Personality may Affect a New Mother's Decision to Breastfeed, Says Study

by Sheela Philomena on  August 6, 2013 at 10:15 AM Women Health News   - G J E 4
Mothers who are more extroverted are more likely to breastfeed than mothers who are introverted or anxious, shows recent study published in Journal of Advanced Nursing.
 Personality may Affect a New Mother's Decision to Breastfeed, Says Study
Personality may Affect a New Mother's Decision to Breastfeed, Says Study

Breastfeeding is important for the health of both mother and baby: breastfed babies have lower levels of infections and allergies and are less likely to be overweight, while mothers who breastfeed are less likely to develop certain cancers.

Many factors can affect whether a mother breastfeeds, but mothers who have lots of support, feel confident, and know how to overcome problems are more likely to breastfeed for longer. Understanding what makes a mother feel confident and supported is important to increasing breastfeeding rates. Many studies have looked at the role of mothers' education, age, and relationships, but the link between breastfeeding and a mother's personality has not been explored.

To investigate, Amy Brown, PhD, of Swansea University in the United Kingdom, surveyed 602 mothers with infants aged six to 12 months old. The questionnaire examined the mothers' personalities, how long they breastfed, and their attitudes and experiences of breastfeeding. Data were collected between March and June 2009.
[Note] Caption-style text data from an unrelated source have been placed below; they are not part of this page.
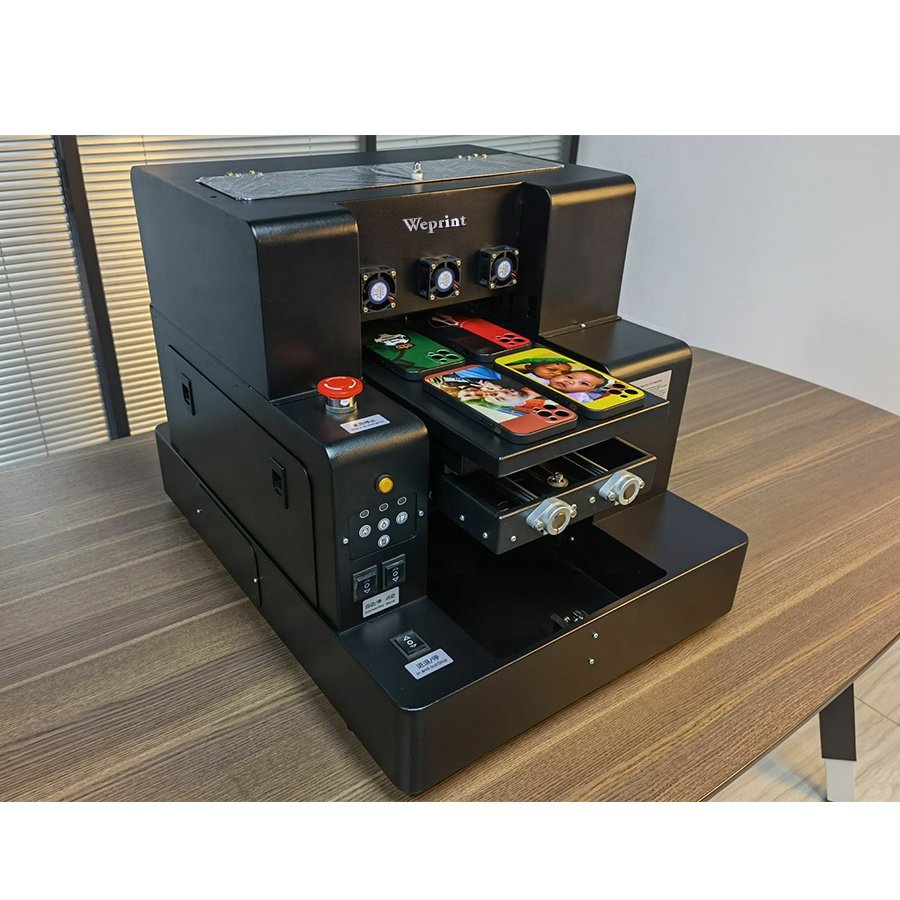 WEPRINT Multifunction LED Flatbed UV Printer A4 UV Printer For Pen Phone Case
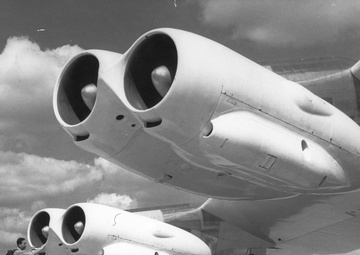 Tinker Celebrates 75 Years: Pratt &amp; Whitney J57 turbojet engine profile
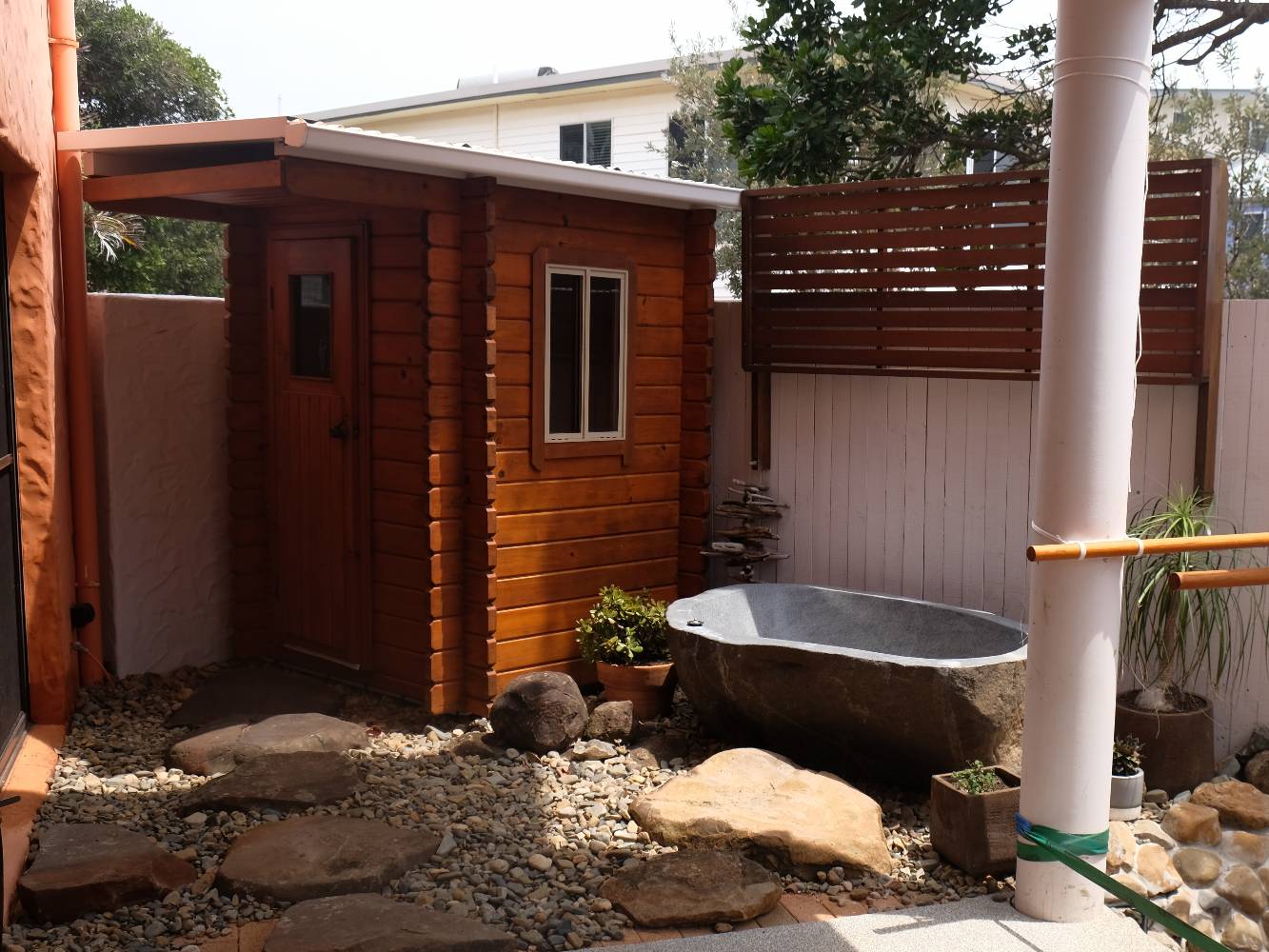 Outdoor sauna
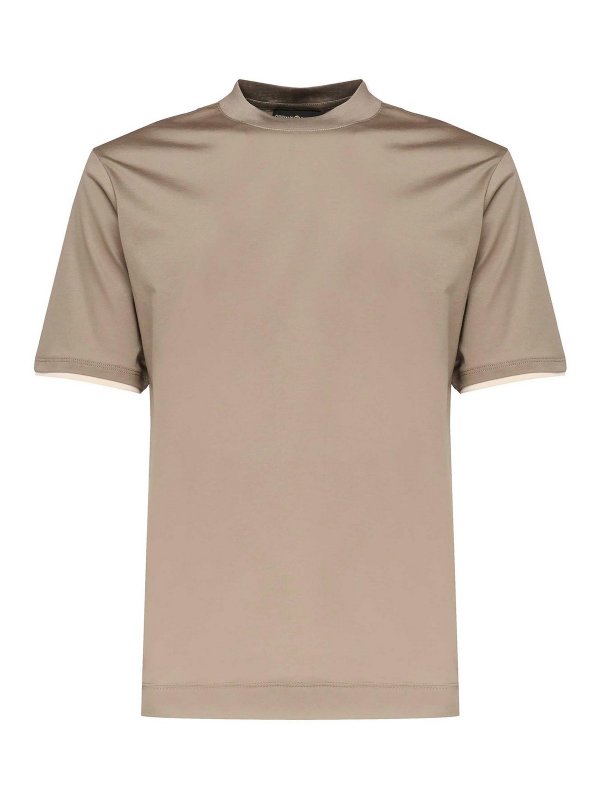 GIULIANO GALIANO: t-shirts - Pure Cotton T-Shirt
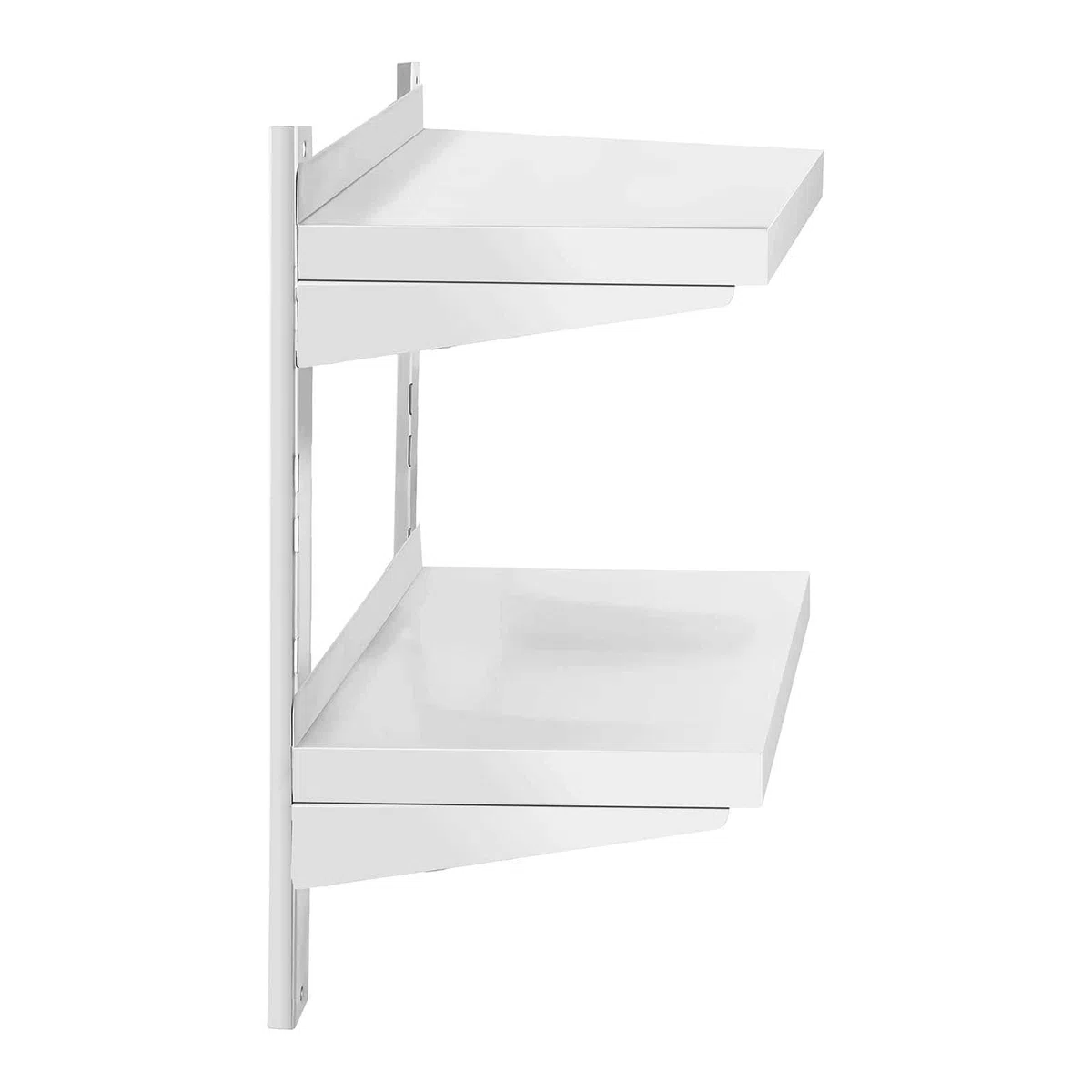 Royal Catering Étagère Murale Cuisine Tablette Flottante INOX 60 cm RCWR-600.3 (60 x 30 cm, Pose Murale, Épaisseur 3,5 cm, Capacité 40 kg)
Mothers who indicated that they were extroverts and were emotionally stable were significantly more likely to initiate and continue breastfeeding for a longer duration. Mothers who were introverted or anxious were more likely to use formula milk or only breastfeed for a short while.

Dr. Brown believes that the findings can be explained by the link between mothers' personalities and their attitudes and experiences of breastfeeding. Mothers who were introverted felt more self-conscious about breastfeeding in front of others and were more likely to formula feed because other people wanted them to. Meanwhile mothers who were anxious found breastfeeding was more difficult and felt that they couldn't get the support they needed. These factors are known to be linked to low breastfeeding rates.

"The important message from the findings is that some mothers may face more challenges with breastfeeding based on their wider personality. Although they may want to breastfeed, more introverted or anxious mothers may need further support in boosting their confidence and learning about how to solve problems, and they may need encouragement to make sure they access the breastfeeding support services that are available," said. Dr. Brown.